▶ **THE PROBLEM**: A verbatim reproduction of the lines below, from the line containing "DSL Fencing &" through the line containing "Night Moves Sequin", both ends included, is the whole required output.

▶ **MATERIAL SUPPLIED**:
-------------------------
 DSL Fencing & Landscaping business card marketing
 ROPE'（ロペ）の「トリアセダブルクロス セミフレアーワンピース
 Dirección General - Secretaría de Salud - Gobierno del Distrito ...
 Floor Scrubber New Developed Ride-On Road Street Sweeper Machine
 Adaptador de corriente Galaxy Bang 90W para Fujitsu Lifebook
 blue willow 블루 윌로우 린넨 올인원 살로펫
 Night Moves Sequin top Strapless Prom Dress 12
-------------------------
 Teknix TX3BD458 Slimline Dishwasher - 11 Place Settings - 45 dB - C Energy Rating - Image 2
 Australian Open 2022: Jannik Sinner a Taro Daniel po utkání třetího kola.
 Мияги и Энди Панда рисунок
-------------------------
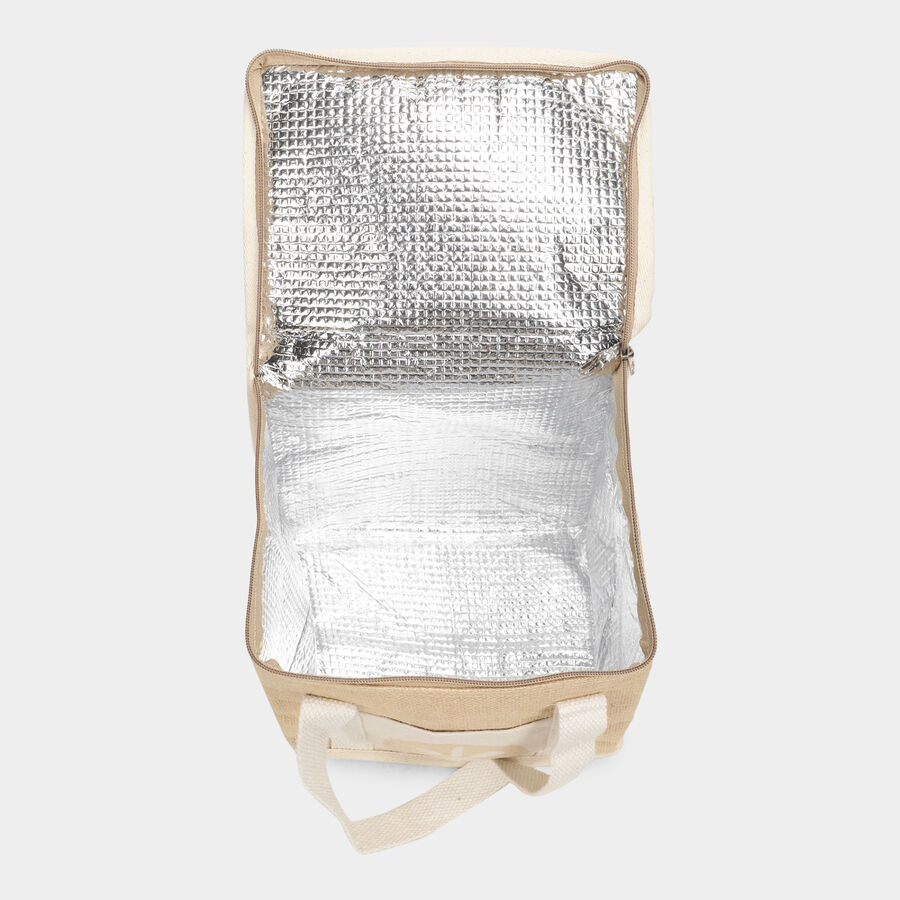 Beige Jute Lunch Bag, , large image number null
-------------------------
▶ **SOLUTION BELOW**:
 DSL Fencing & Landscaping business card marketing
 ROPE'（ロペ）の「トリアセダブルクロス セミフレアーワンピース
 Dirección General - Secretaría de Salud - Gobierno del Distrito ...
 Floor Scrubber New Developed Ride-On Road Street Sweeper Machine
 Adaptador de corriente Galaxy Bang 90W para Fujitsu Lifebook
 blue willow 블루 윌로우 린넨 올인원 살로펫
 Night Moves Sequin top Strapless Prom Dress 12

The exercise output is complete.